Hello everyone! I want to tell you how I decided on data mining and how I am progressing.
First of all, I am studying both data mining and software in the department I studied.When I was in my school, I always wondered whether I want to be a software developer or a data miner.but I had no time to decide.When the pandemic happened, I had time to think. what do I want?
I decided to do an internship in a software company to see the environment I want to work in.I learned languages and sql that I do not know but I realized that I did not want to develop a desktop application or an android application.
I went to a bigger city and started an internship in the R&D department of a cyber security company.
I was very confused and realized that meeting with my mentor would help me more. He said that when I first met him I was very confused. we thought of drawing me a road map. Later we were talking about this at the company where I did an internship.
First of all, if I was to progress in the software branch, I had to decide which software language to choose.
I decided to work with python. When I looked at the education I received at school, I realized that I enjoyed mathematics and I received an assignment from the company I was in for machine learning.
In the talks with my mentor, he said that I was on the right track and that I was more determined. He said that I should record what I did while drawing my roadmap, and decide what to do next and write them down as well.
I would like to tell you what I do while doing machine learning and what are the difficult parts of them.
First of all, I would like to tell you what I do while doing machine learning and what are the hardships of them.I first researched what is machine learning and how it is done.When I first found out, I said clear the data and link it to an algorithm.but when I succeeded one stage, a different stage emerged. I always noticed a deficiency when I said I was approaching the result.
it was a very difficult process to make sense of the data.
first I thought about what format I want the data in.I proceeded from the result to the beginning because I wanted to write an algorithm according to the result.
There were too many missing values and commas in my data and they had to be in rows.
How would I proceed without losing the row layout?
I’ve never done a file I / o operation before.
We can read row by row data using readlines().yes I thought I had come a long way.
But I got scared again when I saw that the new term waiting for me was ‘search’.I only intervened with the data via excel ‘ctrl + f’.my friend from my workplace said that there is a structure called regex and it will be useful if I investigate.When I searched, I found a function called findall but it didn’t work.because when I made readlines, I actually made them a list.
I realized I found something wrong.I researched again.
On the one hand, I learned regex while researching.
I found the search function.
this time I encountered a different error.It was working the way I wanted it to be, but it couldn’t print it out.This is because I had to group it when outputting this function.it sounded ridiculous, but I still did it. I got what I wanted.
if level_search: level=level_search.group()
I thought I did the hard work. but what would I do with the values I found?
I wrote 4 lines of code, but a lot of time is gone.hard to find way I have found but it looks too small.Anyway I return to the topic. i decided i had to change what i found and print in a format.At first I thought of changing the values and putting them into the format, but it didn’t. I tried hard but it never worked that way.
so I had to format it first. but how?
I’m here again after a long time.In order to organize it, I first need to clean up the pollution in the data.because the data I have is in ‘level=””traffic’ format.
I want to search and get only (=) the right side of the value I find. And I don’t want commas. I will use the split function too.
splitted_level= level.split(‘ “” ’)
I split it from commas. I did two operations in one line.I feel perfect.I can now use it as an index.
but what do I do with this index? How do I format them?
the way I used in a project I did before came to mind.I saved the data I would use as a array.Then I can store the data I split as an array.I did defined an empty array. first_format= I can add my data there.
My friend said you can use append.I learned this at school.first time, I use a function I learned in school.
first_format.append(splitted_level+’,’) I used index  here.Because I had splitted data.and i learned that commas work when i use csv.I added commas next to them and I succeeded.
Now my data is in the format I want.
So what would I write to the value places I couldn’t find when I regexed?
I remembered using if.
If I can’t find I can add a value.
I dont know how this came to my mind.I feel my algorithm thinking improving now. all that’s left is to rewrite this for every data I want and add for ‘for i in data:’

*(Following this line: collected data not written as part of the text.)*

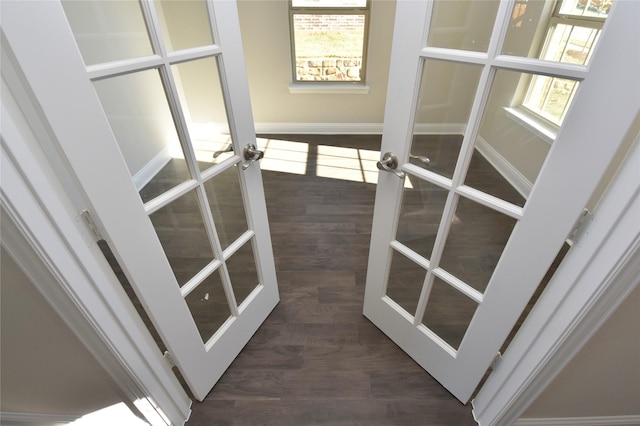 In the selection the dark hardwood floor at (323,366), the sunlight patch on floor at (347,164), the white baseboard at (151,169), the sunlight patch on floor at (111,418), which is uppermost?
the white baseboard at (151,169)

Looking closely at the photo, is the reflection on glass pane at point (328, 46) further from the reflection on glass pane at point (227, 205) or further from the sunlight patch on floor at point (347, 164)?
the reflection on glass pane at point (227, 205)

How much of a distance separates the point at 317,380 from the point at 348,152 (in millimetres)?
2506

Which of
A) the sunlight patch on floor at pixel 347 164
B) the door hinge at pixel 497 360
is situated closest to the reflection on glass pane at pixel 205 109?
the door hinge at pixel 497 360

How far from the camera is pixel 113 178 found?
0.81 meters

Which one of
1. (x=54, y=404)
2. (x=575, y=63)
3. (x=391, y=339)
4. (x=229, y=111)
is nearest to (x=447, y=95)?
(x=575, y=63)

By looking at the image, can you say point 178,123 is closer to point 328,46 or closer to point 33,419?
point 33,419

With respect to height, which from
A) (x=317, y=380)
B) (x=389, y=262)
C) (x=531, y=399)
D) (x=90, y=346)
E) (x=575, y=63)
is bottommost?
(x=317, y=380)

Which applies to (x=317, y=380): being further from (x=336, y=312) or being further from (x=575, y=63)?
(x=575, y=63)

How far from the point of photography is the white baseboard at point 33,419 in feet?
3.54

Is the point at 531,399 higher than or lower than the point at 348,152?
higher

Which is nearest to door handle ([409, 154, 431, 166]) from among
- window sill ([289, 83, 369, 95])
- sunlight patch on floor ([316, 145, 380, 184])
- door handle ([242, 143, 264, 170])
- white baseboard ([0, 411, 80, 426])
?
door handle ([242, 143, 264, 170])

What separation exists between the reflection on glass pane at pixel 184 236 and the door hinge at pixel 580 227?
3.66ft

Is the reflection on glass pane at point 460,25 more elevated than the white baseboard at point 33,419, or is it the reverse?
the reflection on glass pane at point 460,25

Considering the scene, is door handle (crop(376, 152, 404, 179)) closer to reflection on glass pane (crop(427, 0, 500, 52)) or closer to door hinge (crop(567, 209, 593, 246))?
reflection on glass pane (crop(427, 0, 500, 52)) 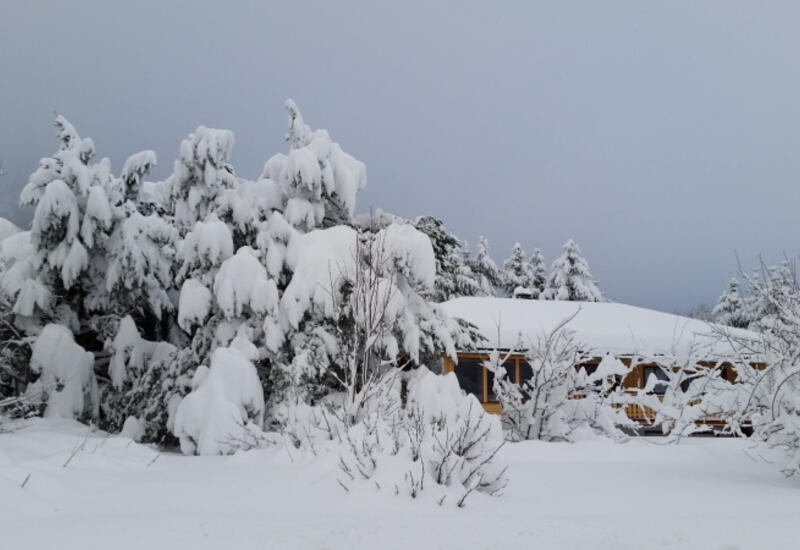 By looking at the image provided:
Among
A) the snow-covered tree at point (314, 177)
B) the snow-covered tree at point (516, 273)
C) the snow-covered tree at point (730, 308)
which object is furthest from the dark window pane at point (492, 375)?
the snow-covered tree at point (730, 308)

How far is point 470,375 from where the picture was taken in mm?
21250

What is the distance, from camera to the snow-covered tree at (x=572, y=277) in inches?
1596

Now my format is ready.I can now replace the data it with the values I want.
After a long research I learned that English is really necessary.because I could not find what I was looking for. Not used for replace list.Other than that,I find requires too much for.I rested my brain a little.
what am i looking?
After long research I found a change algorithm.meets my needs without much confusion. find and replace multiple words in a file python .I added the things I want to change here. And i did.
I did now parsed my data.seemed like it would never end.I have reached what I have to do now.
I think my way is getting shorter.I start research now.
How do I use machine learning algorithm?